Xiao cheng zhi chun / Spring in a Small Town


Mu Fei: 小城之春 / Xiao cheng zhi chun / Spring in a Small Town (CN 1948).

小城之春 / Kevät pienessä kaupungissa (our title) / The Spring Torrent (the title on the print). CN 1948. PC: Wenhua Film Company. D: Mu Fei. Based on a short story by Tianji Li. DP: Shengwei Li. AD: Ning Che, Dexiong Zhu. M: Yijun Huang. ED: Xu Ming, Wei Yibao. C: Wei Wei (Zhou Yuwen / Yu Wen, the wife), Yu Shi (Dai Liyan, the husband), Hongmei Zhang (Dai Xiu, little sister), Wei Li (Zhang Zhichen, the guest), Chaoming Cui (Lao Huang, the loyal servant).
    Some sources say 85 min. This print ran 97 min.
    A China Film Archive print with English subtitles.
    Cinema Orion, Helsinki (History of the Cinema), 20 Feb 2014

I saw this masterpiece for the second time. (According to my diary I first saw it at Arsenal, West Berlin, 25 Feb 1986, as the fifth film of the day. In the context of such a marathon it failed to make a full impact.) It is refined and deeply felt, with a sense of an organic whole, and with a rich visual texture. The narrative is engaging but not slick and polished. The mise-en-scène is beautiful, and there is a sense of conviction in the way the story is told visually.

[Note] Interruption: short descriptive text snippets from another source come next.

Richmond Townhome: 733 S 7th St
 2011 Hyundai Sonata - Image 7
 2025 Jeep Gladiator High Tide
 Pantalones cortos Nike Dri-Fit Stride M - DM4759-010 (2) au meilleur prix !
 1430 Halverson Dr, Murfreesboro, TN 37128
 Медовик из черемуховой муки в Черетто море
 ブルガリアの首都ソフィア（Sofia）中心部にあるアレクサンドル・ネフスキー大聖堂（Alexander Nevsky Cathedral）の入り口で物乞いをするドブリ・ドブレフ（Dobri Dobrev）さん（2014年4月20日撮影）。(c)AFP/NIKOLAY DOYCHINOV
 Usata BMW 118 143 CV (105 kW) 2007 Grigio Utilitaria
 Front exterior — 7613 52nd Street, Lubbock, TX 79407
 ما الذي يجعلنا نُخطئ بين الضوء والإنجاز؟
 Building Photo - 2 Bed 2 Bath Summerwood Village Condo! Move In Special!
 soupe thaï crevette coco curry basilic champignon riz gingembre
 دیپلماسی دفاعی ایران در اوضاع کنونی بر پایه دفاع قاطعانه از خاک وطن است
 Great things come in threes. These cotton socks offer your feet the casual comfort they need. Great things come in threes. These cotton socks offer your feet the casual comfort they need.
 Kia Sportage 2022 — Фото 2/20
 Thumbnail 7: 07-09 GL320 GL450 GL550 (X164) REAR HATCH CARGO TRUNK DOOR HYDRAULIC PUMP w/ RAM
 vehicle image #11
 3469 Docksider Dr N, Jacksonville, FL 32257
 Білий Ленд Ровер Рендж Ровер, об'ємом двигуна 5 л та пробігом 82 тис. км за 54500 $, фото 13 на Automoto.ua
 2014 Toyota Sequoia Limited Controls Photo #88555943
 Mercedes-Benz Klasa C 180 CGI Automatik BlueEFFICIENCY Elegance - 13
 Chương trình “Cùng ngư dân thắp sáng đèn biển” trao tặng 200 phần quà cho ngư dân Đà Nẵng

It is a first person narrative told by a young, melancholy wife. After eight years of the war with Japan the little Chinese town is in ruins, and the Dai family home, too, is ruined. The husband has caught TB, but what is worse, there is a general sense of fatigue and lethargy, a lack of a fighting spirit. The wife has become a nurse to her husband who is no longer a man to his woman.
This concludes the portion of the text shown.